- _What you are asked to do_
Repeat exactly, and only, the lines of the entries below from the one with "has all the" through the one with "enjoy the ride", both ends included.

- _Dataset records_
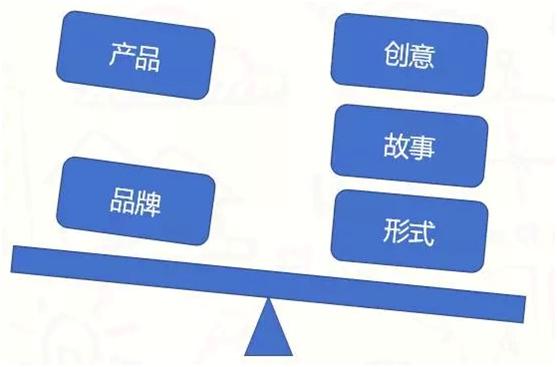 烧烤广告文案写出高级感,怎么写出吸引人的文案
==
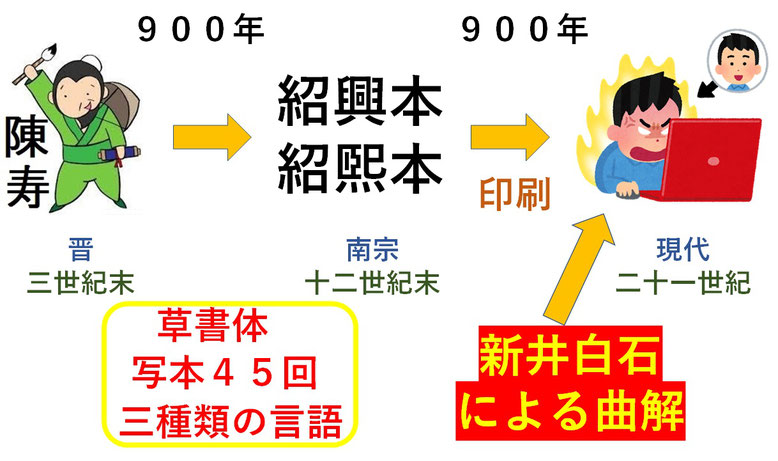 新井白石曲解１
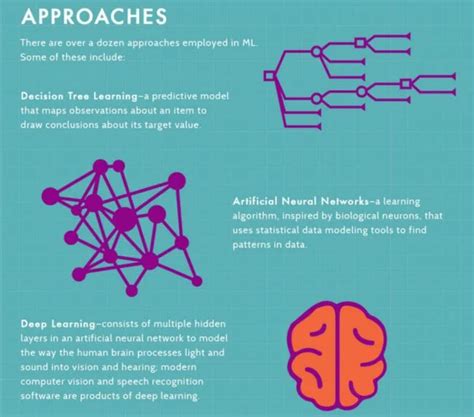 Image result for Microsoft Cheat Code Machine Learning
==
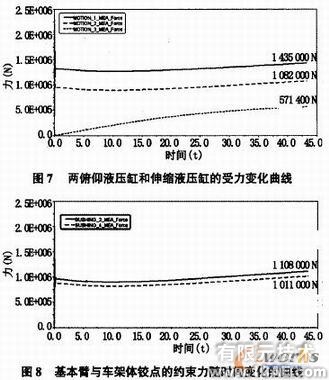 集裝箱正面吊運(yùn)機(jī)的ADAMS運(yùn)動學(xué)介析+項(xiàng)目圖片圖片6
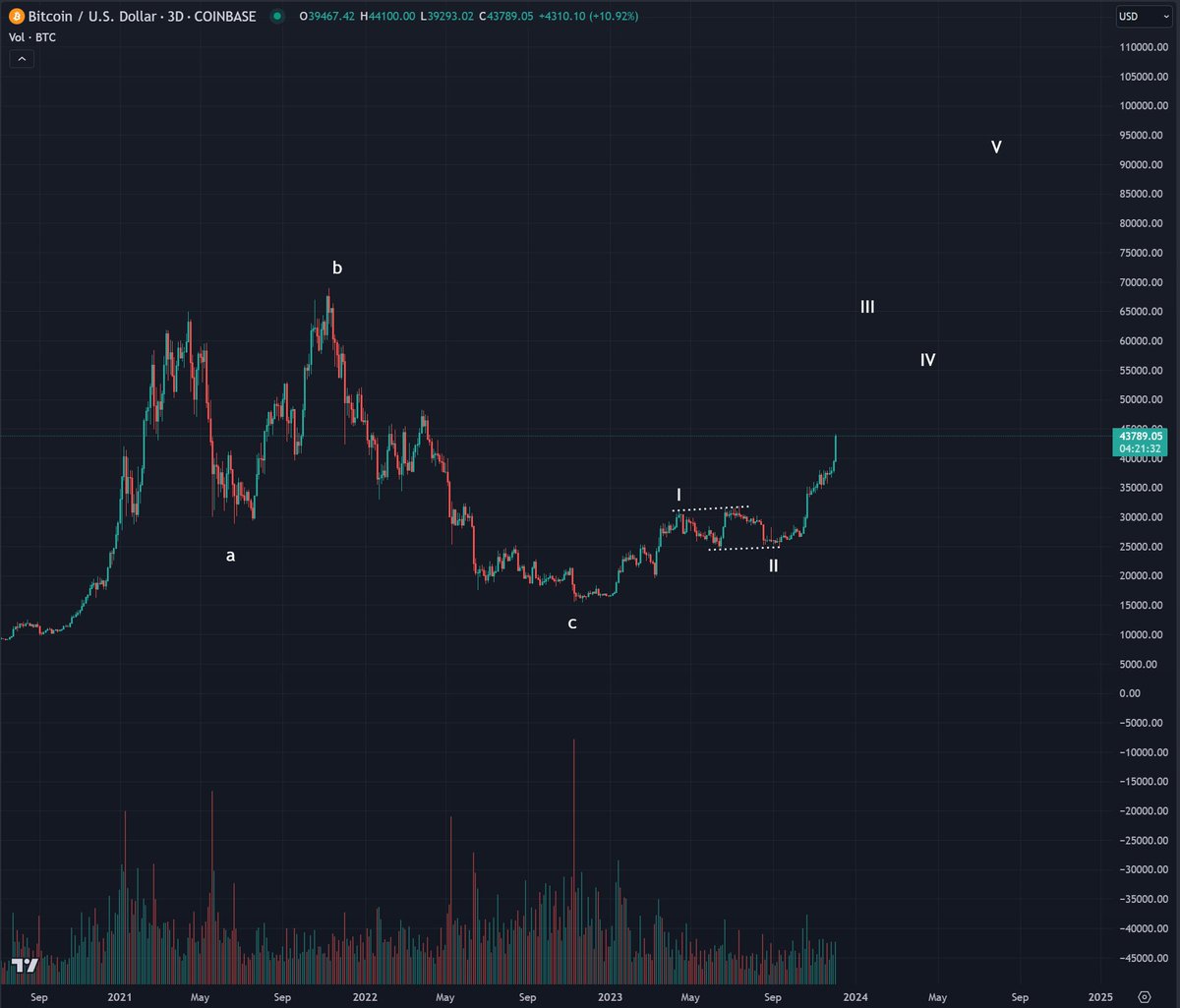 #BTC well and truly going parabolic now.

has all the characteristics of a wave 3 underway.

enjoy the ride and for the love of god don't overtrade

- _Solution for this problem_
has all the characteristics of a wave 3 underway.

enjoy the ride and for the love of god don't overtrade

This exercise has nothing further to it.